Performance problems

It’s time to really get into performance improvements. I did a bunch of performance experiments before I started, and I sanity-checked a thing or two while I was going, but I never really did serious work on the codebase, always counting on invalidation drawing to solve all my problems.

It didn’t.

Time to roll up the sleeves…

The first stop was obviously playing around a bit with the Chrome and Firefox profilers. I did some inlining of simple functions I was calling a lot. This did improve the performance of the caller routines, in theory, according to the profilers. However, since FPS oscillate a lot when scrolling, and max out at 250 when standing, the effect is not very visible. It seemed to be somewhat visible in mobile, but it wasn’t huge. Or maybe it was wishful thinking.

Also, after the first few improvements, the profilers started giving me weird data.

Chrome is telling me most of the time (20% of the total, with the other 80% belonging to “(program)”) is spent in a function that barely does anything. If I wrap the contents of that function into another function, with “(function() {})();”, the inner function uses almost zero time, as I’d expect, and the outer one still reports 20% (“self” time, not “total”). If I comment out the contents, it still takes 20% of the time, and it’s not even being called that much, compared to others… So that doesn’t make any sense.

Firefox was giving me reasonable data at first, but when I turned on lighting, I get a tremendous slowdown with the profiler on (which I didn’t get without lighting, and also turning on lighting didn’t slow the code down almost at all without the profiler), and it’s reporting times that are clearly off compared to the “profiler off”.

And the ones I wanted the most, the profilers for Android and iPhone, well… They don’t seem to exist, so not much help there…

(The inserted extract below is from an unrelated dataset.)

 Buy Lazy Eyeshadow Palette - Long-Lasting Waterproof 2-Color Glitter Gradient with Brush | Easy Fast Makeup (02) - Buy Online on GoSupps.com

Now, Chrome and Firefox run more than fast enough, but in the Android and iPhone, it not only runs slower, but it’s visibly obvious that the lightmap calculation is a problem. The lightmap gets recalculated every time a light source changes cells (or changes power), and since the character holds a “torch”, it happens every time you cross a cell boundary. On cell phones, there is a very clear pause when that happens. If you walk a long straight line, you see the character literally stop and stutter every time it passes from one cell to another.

So the lightmap calculation is heavy. This doesn’t surprise me, given that I made the simplest possible implementation of it, and it’s not exactly written in the fastest possible way. What does surprise me is that after making it, I did check how it impacted performance (in Chrome), and it didn’t. At all.

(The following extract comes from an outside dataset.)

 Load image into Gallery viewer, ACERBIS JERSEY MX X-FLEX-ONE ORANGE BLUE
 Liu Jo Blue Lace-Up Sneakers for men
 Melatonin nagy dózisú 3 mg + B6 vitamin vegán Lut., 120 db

But without a profiler in mobile, untrustable profilers in desktop, and a fluctuating FPS meter as my only measure of performance, it’s kind of hard to make improvements. I made a bunch of little changes, and I have no idea whether they actually made a difference or not. Sometimes it seems they did, sometimes it doesn’t… It’s very frustrating and it feels very hit and miss.

My general feeling at this point is of disappointment (given, mainly, that my magic card didn’t work as I expected). We’ll see what happens, but it seems HTML5 games with a lot of screen action are still not as viable as I expected on mobile. I’ll have to keep experimenting.
Puzzlers and the like should be very viable, I believe, though, and these are the types of games I’m most interested in anyway. So we’ll see…

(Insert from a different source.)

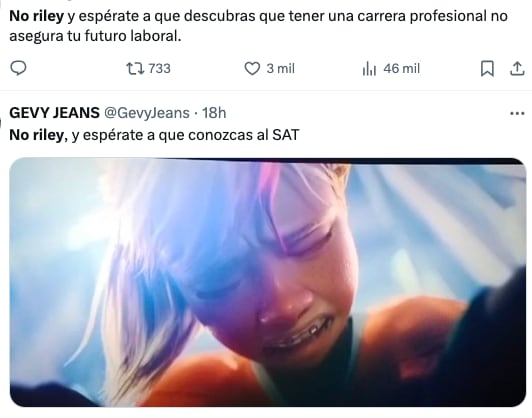 El ataque de ansiedad de RIley provoca los mejores memes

One thing I did, at this point, was Google around for other “HTML5 games”, to see if at least other people had been able to do cool looking, kind of intensive games in HTML5 that’d work fast enough on my mobiles.
I didn’t find anything even remotely close to what I’m trying to do. Nothing. At all. It’s either tech demos, crappy looking stuff, very, very basic things, or Flash. Lots and lots of Flash that for some reason says it’s “HTML5″
That’s both encouraging and discouraging.